Chinese meatballs, known as Lion’s Head meatballs, because of the larger size, are a popular recipe often served during Chinese New Year. Lion’s Head meatballs are often made with ground pork, ginger and other spices. This adaption combines ground pork and turkey to reduce fat content without eliminating flavor.
- In a bowl combine ground pork, ground turkey, eggs, ginger, garlic, scallions, carrots, water chestnuts and salt. Mix well until everything is evenly incorporated.
- Divide meatball mixture evenly into about 15 meatballs, roll lightly with hands into loose round balls.

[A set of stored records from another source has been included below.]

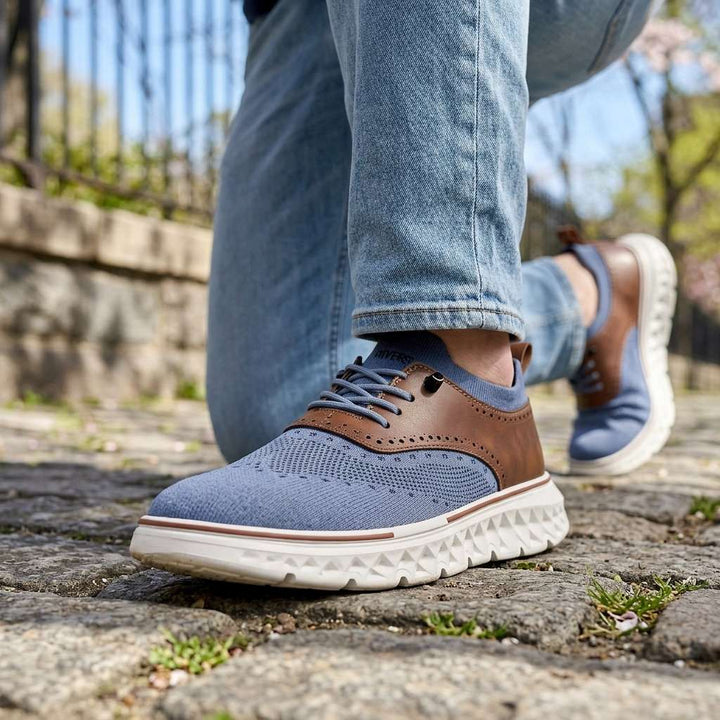 Tavian Flow | Slip-On Sneakers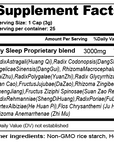 MySleep – For Quiet Nights and Clearer Mornings (25 Days)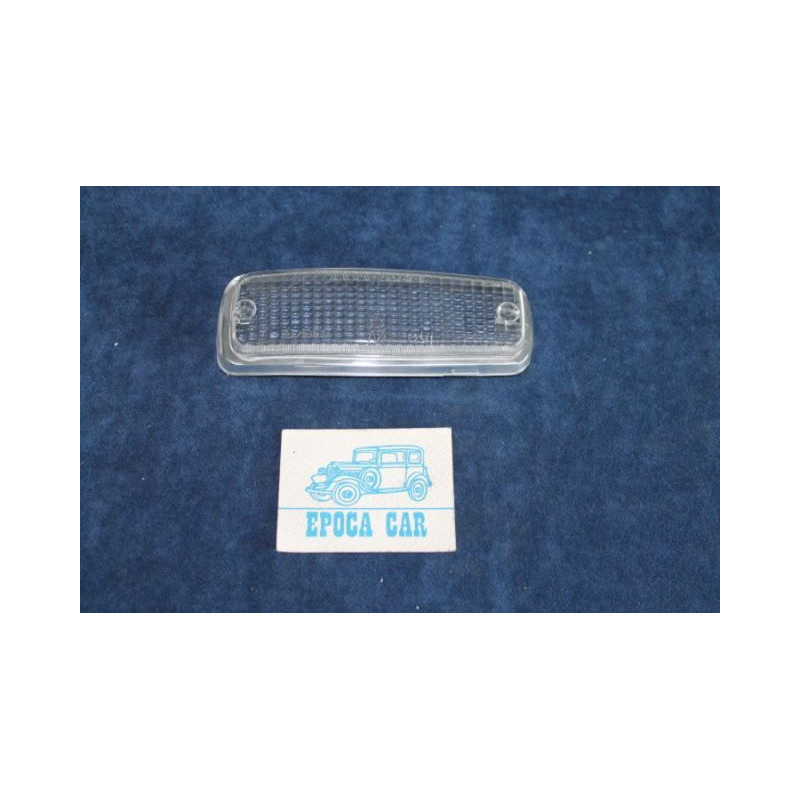 FULVIA '70   CLEAR LENS FOR FRONT RIGHT LIGHT   ALTISSIMO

- Preheat Braiser pan on medium heat approximately 5-7 minutes or until several drops of water sprinkled on the pan skitter and dissipate
- Brown meatballs for about 3-4 minutes on all sides. Brown meatballs, but don’t worry that they are not cooked through at this point. Remove meatballs and set aside on clean plate.
- In a small bowl combine tamari and sesame oil.

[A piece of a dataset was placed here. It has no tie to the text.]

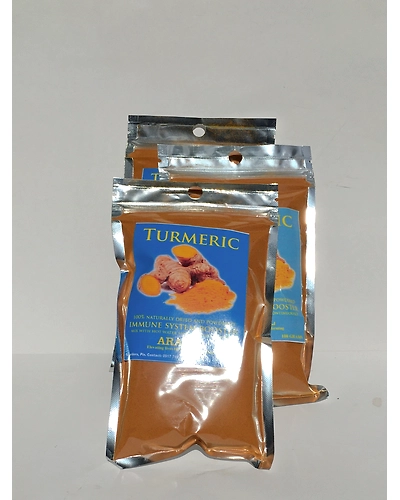 Pure Turmeric Powder-2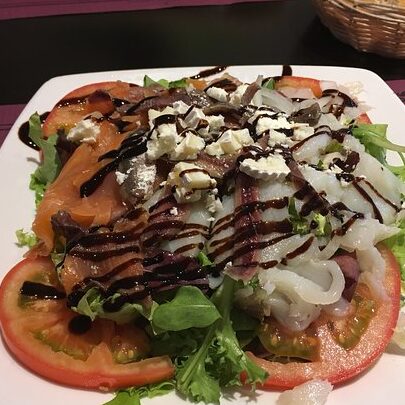 Restaurante Ezkiotarra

- Shred cabbage into thin strips by placing cabbage leaves on top of each other and slicing thinly. Place shredded cabbage into a bowl of cool water, lift cabbage out of water and drain, shaking off excess water.
- Place shredded cabbage in Braiser pan to cover bottom of pan, spreading it out evenly, pressing down slightly so all of the cabbage fits into Braiser pan.

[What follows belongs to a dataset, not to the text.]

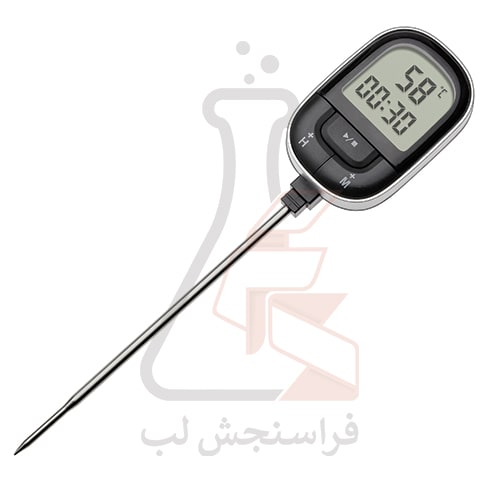 ترمومتر دیجیتال قلمی نفوذی (پخت و پز - گوشت) برند TFA کد 30.1062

- Place meatballs on top of cabbage. Pour tamari mixture over meatballs.
- Place cover on Braiser pan, with heat set to medium. When Vapo-Valve™ begins to click steadily; turn heat to low and cook for 12-15 minutes until meatballs are cooked through and cabbage is soft.
- Serve portion of cabbage with meatballs on top, garnish with extra chopped scallions if desired.
- Substitute ground pork for ground beef
- Add sliced shitake mushrooms to shredded cabbage.
- Use a ice cream scoop to form meatballs. If meat is sticky, run hands or ice cream scoop under lukewarm water before forming meatballs.
- Serve this dish as is or add additional side dishes; steamed rice or noodles.